WORK ORDER >> Leave out every picture, then transcribe the rest of the listing exactly.

DATASET SECTION >>
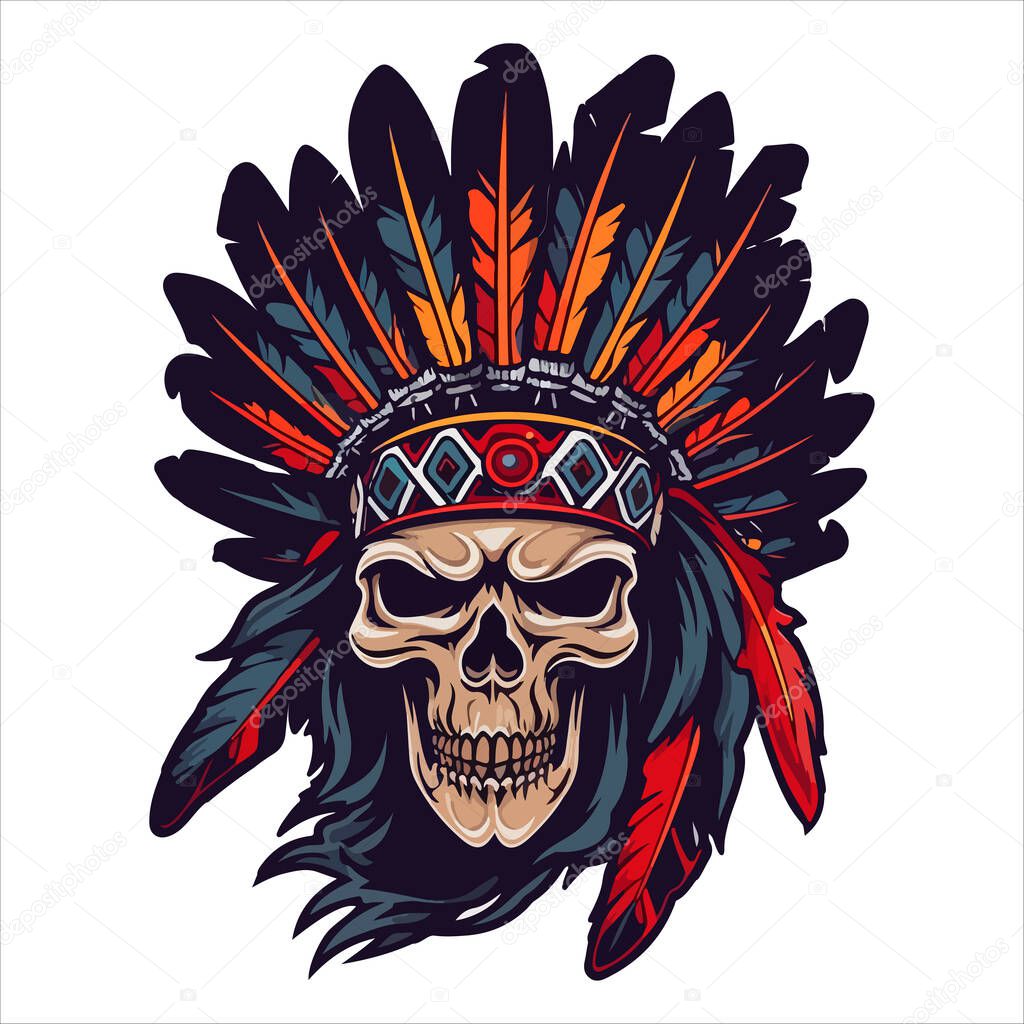 Skull emblem vector logo. Agressive human cherokee, apache skull.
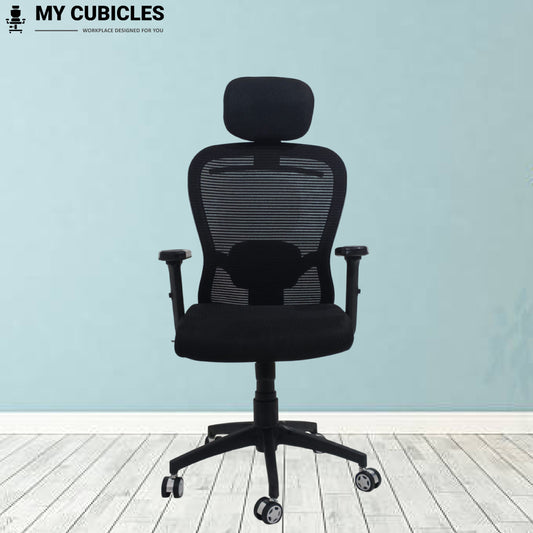 Cosmic Horizon Black Headrest Ergonomic Office Chair with Nylon Base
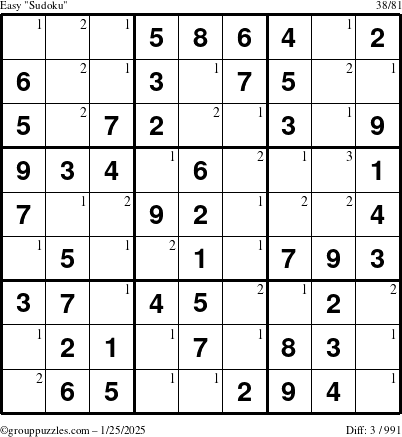 The grouppuzzles.com Easy Sudoku puzzle for Saturday January 25, 2025 with the first 3 steps marked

EXERCISE OUTPUT >>
 Skull emblem vector logo. Agressive human cherokee, apache skull.
 Cosmic Horizon Black Headrest Ergonomic Office Chair with Nylon Base
 The grouppuzzles.com Easy Sudoku puzzle for Saturday January 25, 2025 with the first 3 steps marked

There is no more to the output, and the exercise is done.